Erickson’s Delicatessen is located at 5250 N Clark St.

Super H Mart
When it comes to picking up Asian ingredients, I head to Super H Mart in Niles. I realize it's a little bit of a hike north but fully worth it for the ready-to-eat panchan, marinated beef for bulgogi and tubes of delicious gochujang. Speaking of which... add the aforementioned ingredients to some hot rice, top with a fried egg and you've got yourself some bibimbop. You can watch them make fresh tofu, puffed rice crackers and sweet red bean pastries. Food is fresh, affordable and delicious. If you want to read more about Super H Mart, check out our previous write up with lots of delicious pictures here. —L. Stolpman

Super H Mart is located at 801 Civic Center Drive in Niles, IL, just north of the city.

J.P. Graziano Grocery
Before there was Eataly there was this Randolph Street grocer and sub shop, the oldest Italian market in Chicago. Current owner Jim Graziano is a fourth-generation grocer and stocks an impressive array of imported cheeses, meats, olive oils, dried goods, spices and olives. If you’re looking to brine olives, Graziano’s has everything you need. Same with making your own Italian sausage, salami, sopressata and other cured meats. Graziano’s also makes some amazing subs that, depending on how hungry you are once you step in, can be one or two meals. Think of Graziano as Eataly without the bells and whistles. With people lining around the corner to get into Eataly, that means more time for me to shop smartly in the West Loop. —Chuck Sudo

J.P. Graziano Grocery is located at 901 W. Randolph St.
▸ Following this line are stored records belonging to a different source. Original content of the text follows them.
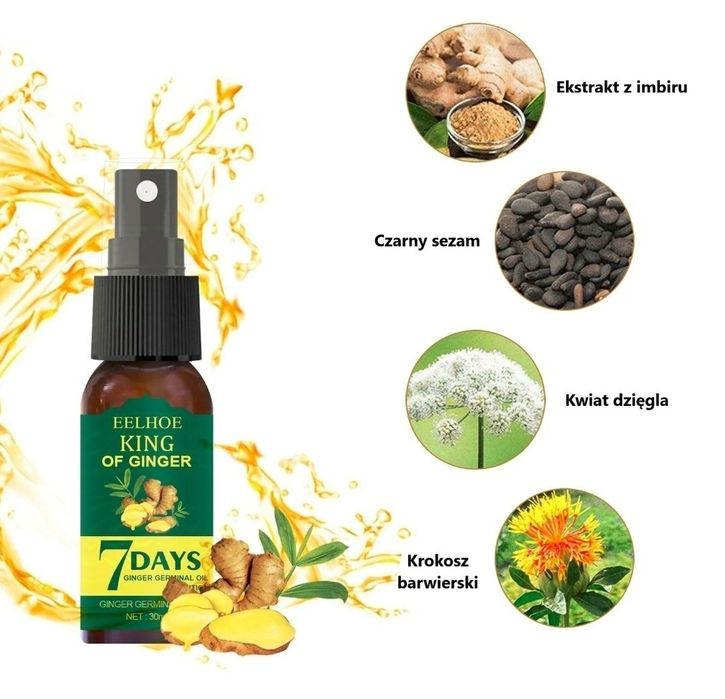 7 dniowa kuracja - imbirowy olejek na wypadające włosy.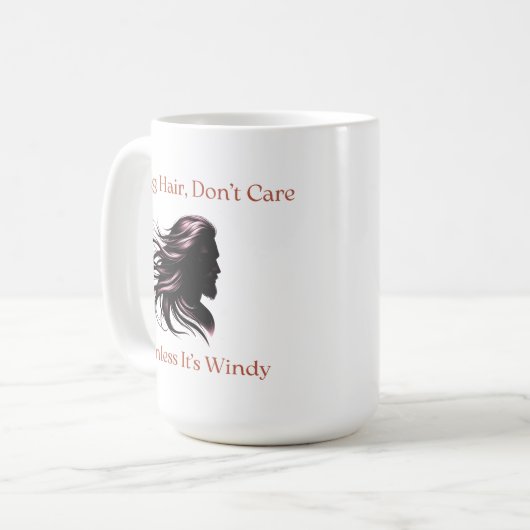 Lang haar, maakt niet uit - tenzij het winderig is koffiemok (Voorkant links)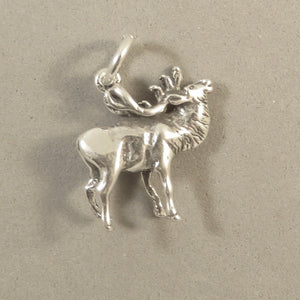 ELK .925 Sterling Silver 3-D Charm Pendant National Park Forest Hunt Antlers Figural an07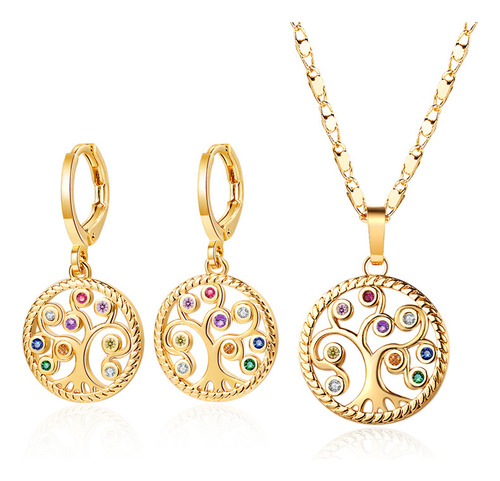 Sjx Collar Y Aretes Mujer Dije Árbol De La Vida Chapa En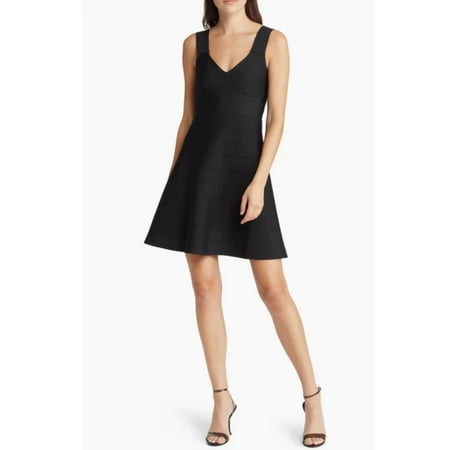 bebe V-Neck Bandage Fit Flare Minidress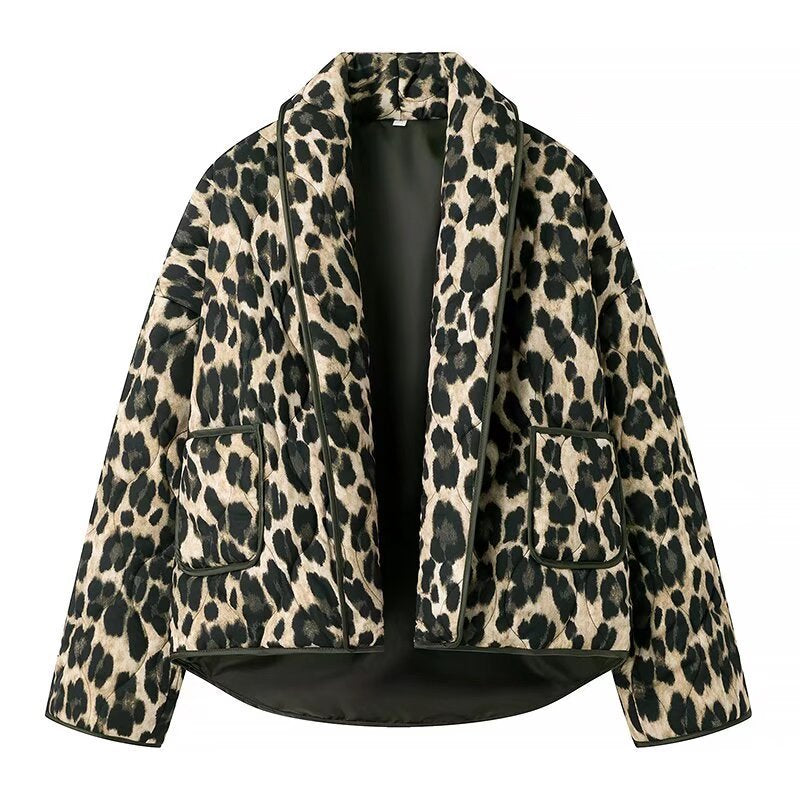 Damen Steppjacke im eleganten Leopardenmuster Heidi-Mode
(Devon Market by Jessica Mlinaric)

Devon Market
Located in one of Chicago’s most diverse areas, Devon Market offers a fantastic international selection in many respects. I visit, however, to get my fix of Eastern European-sourced fare. It’s not hard to find slivovitz (plum brandy) in liquor stores throughout the city, but I haven’t seen anyone beat Devon Market’s offering of wines from Croatia, Herzegovina, Montenegro, Moldova, Romania, Serbia, Armenia and more. The incredibly friendly staff will help you track down fresh Bulgarian goat cheese, pickled vegetables from Hungary and those candies grandma kept in a dish. Don’t miss the freshly baked breads and pastries, and if potica (nut roll) is in stock buy a loaf for me! —Jessica Mlinaric

Devon Market is located at 1440 W Devon Ave.

Argyle Night Market
Last year, I made the mistake of not visiting Argyle Night Market until mid-September. A mistake because with night markets comes an almost illicit pleasure, as you can’t typically buy fresh fish balls, tomatoes and pho after dark in the open air. Thursday nights in Little Saigon are equal parts farmers’ market and ethnic street fair, with Eastern handicrafts for sale side by side street performers, pork fresh off the spit and your pick of produce. This year marks the outdoor bazaar’s second season and promises an expanded list of vendors beyond beloved staples such as Sun Wah BBQ and Tank Noodle, giving all of us more reason to visit early and often. The only hitch? The fun doesn’t begin until mid-July. —Melissa Wiley

Argyle Night Market is located at on Argyle Rd. between Sheridan and Kenmore.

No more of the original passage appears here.